4. Stehen die Kosten für die Web Controlling Lösung in einem sinnvollen Verhältnis zum Umsatz und zur sonstigen Kostenbasis? Erwarten wir, mit einer kostenpflichtigen Lösung erhebliche Potenziale auf der Kostenseite und auf der Umsatzseite zu identifizieren?
Für die Einbindung kostenpflichtiger Lösungen zum Webcontrolling gibt es im Großen und Ganzen zwei Varianten

1) ASP (= Application Service Provider) - Trackingserver und Software werden von dem Web Controlling Tool Anbieter (oder von ihm beauftragten Dienstleistern) gestellt. Diese Variante wird besonders von kleineren und mittleren Webseiten genutzt. Der Preis der Web Controlling Lösung richtet sich hierbei oft nach der Anzahl der Pageimpressions. Einige Lösungen sind bereits ab ca. 100€ -150€ pro 1 Mio. Pageimpressions im Monat zu haben.
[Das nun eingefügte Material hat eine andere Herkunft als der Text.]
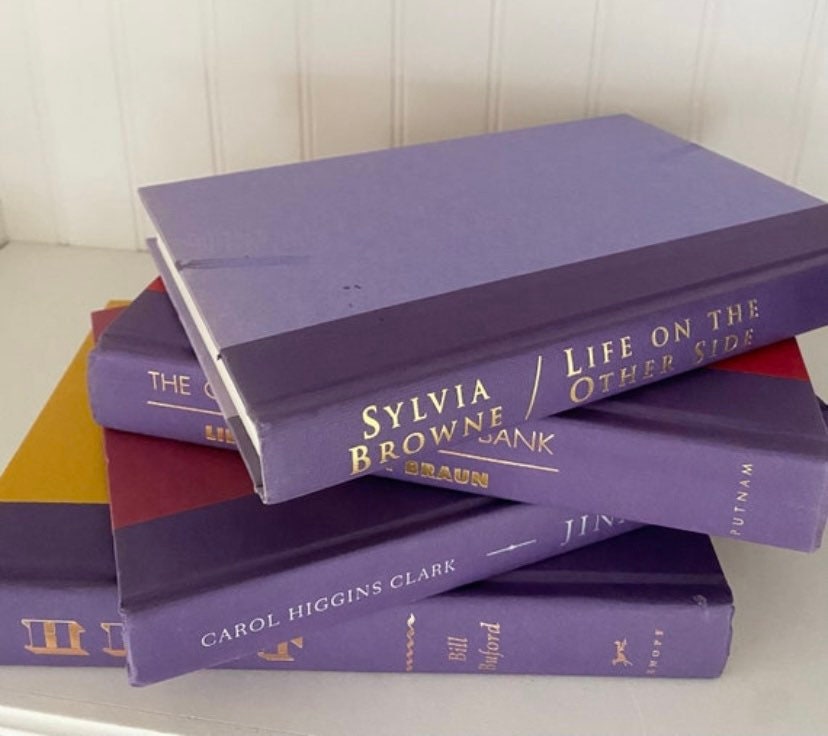 Purple Decorative Book Stack: Purple and Lavender Home Decor Bundle - Etsy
2) Eigener Tracking-Server mit Tracking-Software: - Hierbei lizenziert der Web Controlling Tool Anbieter seine Software an den Webseitenbetreiber und installiert diese auf einem dedizierten Tracking-Server des Webseitenbetreibers. Diese Variante lohnt sich oft erst für große Webseiten, bietet aber deutlich mehr Flexibilität (z.B. Customizing der Software, Einsatz der eigenen Domain für das Tracking). Da diese Variante jedoch oft mit einem relativ hohen Festpreis verbunden ist (ab ca. 6000€ Lizenzkosten zuzüglich Installation und Updates), lohnt sich der Einsatz erst ab einer bestimmten Größe.
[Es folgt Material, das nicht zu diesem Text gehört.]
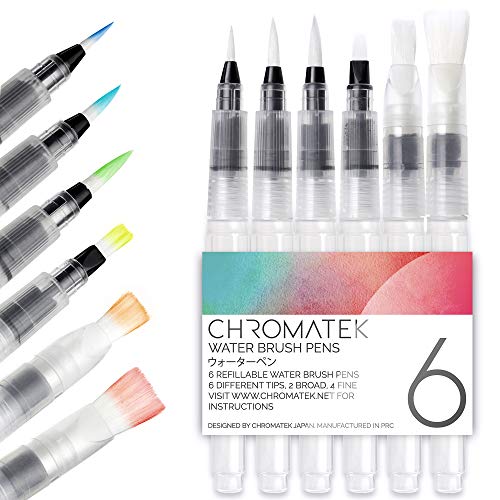 Water Brush Pens by Chromatek. Set of 6 Aqua Pen Painting Brushes....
Um abschätzen zu können, ob der Einsatz einer kostenpflichtigen Web Controlling Lösung betriebswirtschaftlich Sinn macht, sollten im ersten Schritt die Gesamtkosten pro Jahr in eine Größe umgewandelt werden, die mit der Umsatzseite vergleichbar ist. Hier bietet sich oft der TKP oder - abgeleitet aus dem TKP - der CPC an.
Beispiel: Die Webseite hat pro Monat im Durchschnitt 1 Millionen Pageimpressions und möchte eine ASP-Lösung zum Web Controlling einsetzen, die 250€ pro 1 Millionen Pageimpressions im Monat kostet. Dies bedeutet 0,25€ für 1000 Pageimpressions (250€ / 1.000.000 PIs) als Vergleich zum TKP an laufenden Kosten.
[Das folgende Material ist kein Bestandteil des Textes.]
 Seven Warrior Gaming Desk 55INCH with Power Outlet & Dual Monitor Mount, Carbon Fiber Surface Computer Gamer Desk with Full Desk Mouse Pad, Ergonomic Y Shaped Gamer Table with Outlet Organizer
Im nächsten Schritt sollte überlegt werden, welchen Wertbeitrag man sich vom Webcontrolling erwartet und wie sich die Kosten mit dem derzeit generierten Umsatz vergleichen. Als grober Richtwert gilt, dass für eine Lösung ohne weitergehende Begründung (z.B. hohe Umsatzpotenziale, signifikante Kostenoptimierung) nicht mehr als 5% des Umsatzes ausgegeben werden sollte. Das bedeutet, dass die Webseite mindestens einen Netto-TKP von 5€ generieren sollte. Erfolgt die Monetarisierung der Webseite über CPCs oder CPLs so kann man diese über ihr Verhältnis zu Pageimpressions hilfsweise auf einen TKP umrechnen.
Beispiel: Pro 1000 Pageimpressions generiert eine Seite 50 Leads. Ein Lead wird mit 0,2€ netto vergütet. Es ergibt sich ein rechnerischer Netto-TKP von 10€.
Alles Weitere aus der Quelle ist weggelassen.